Bayesian methods in Neuroscience – Conor Houghton
For the last century science has relied on a statistical framework based on hypothesis testing and frequentist inference. Despite its convenience in simple contexts this approach has proved to be intricate, obtuse and sometimes misleading when applied to more difficult problems, particularly problems with the sort of large, complex and untidy datasets that are vital for applications like climate modelling, finance, bioinformatics, epidemiology and neuroscience.
Bayesian inference solves this; the Bayesian approach is easy to interpret and returns science to its traditional reliance on evidence and description rather than a false notion of significance and truth. With a rigorous handling of uncertainty Bayesian inference can dramatically improve statistical efficiency, allowing us to squeeze more insight out of finite, hard-won data which in turn reduces animal and biological tissue use and reduces costs for scientific projects.

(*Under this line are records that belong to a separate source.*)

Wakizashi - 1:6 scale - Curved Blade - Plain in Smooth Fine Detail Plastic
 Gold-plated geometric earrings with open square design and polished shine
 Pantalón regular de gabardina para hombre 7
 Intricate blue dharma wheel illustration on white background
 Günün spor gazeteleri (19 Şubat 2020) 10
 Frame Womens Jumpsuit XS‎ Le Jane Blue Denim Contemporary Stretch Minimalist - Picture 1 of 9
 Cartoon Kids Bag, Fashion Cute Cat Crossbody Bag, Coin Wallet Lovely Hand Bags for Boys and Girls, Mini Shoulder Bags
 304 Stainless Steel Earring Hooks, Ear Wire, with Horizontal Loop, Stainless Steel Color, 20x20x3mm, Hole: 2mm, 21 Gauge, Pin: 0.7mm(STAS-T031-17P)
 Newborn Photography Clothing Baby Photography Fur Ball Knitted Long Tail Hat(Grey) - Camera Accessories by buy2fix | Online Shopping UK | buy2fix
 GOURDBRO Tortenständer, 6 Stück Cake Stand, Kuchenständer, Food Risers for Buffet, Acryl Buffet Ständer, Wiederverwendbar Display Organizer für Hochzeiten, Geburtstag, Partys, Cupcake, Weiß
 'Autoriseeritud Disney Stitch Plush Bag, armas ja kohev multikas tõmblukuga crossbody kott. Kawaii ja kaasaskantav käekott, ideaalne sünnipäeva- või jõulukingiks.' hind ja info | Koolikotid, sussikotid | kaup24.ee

With support from the Jean Golding Institute we ran a workshop about Bayesian Modelling: our workshop had lots of different elements, a tutorial for people unfamiliar with the approach, short talks by people in the University who use these methods, a few talks by external speakers and a data study group. In retrospect, we did try to do too much, but the workshop was very helpful, the short talks brought together the local community around Bayesian Modelling and the two external speakers, Hong Ge and Mike Peardon, were excellent and provided real unexpected insight into the current and potential future state of Bayesian Modelling.
We hope to next host a workshop on Hybrid / Hamiltonian Monte Carlo; HMC has quickly become a very useful tool in data science, allowing us to perform Bayesian inference for a host of real world problems that would not have been tractable a few years ago. Perhaps surprisingly, HMC has its origins in high energy particle physics and was invented to perform the high-dimensional integrals involved in Quantum Chromodynamics, the calculations required to predict the results of collider experiments in CERN.
We believe that there is a still a lot these two communities – particle physics and applied data science – can learn from each other when exploring and developing the power and scope of HMC.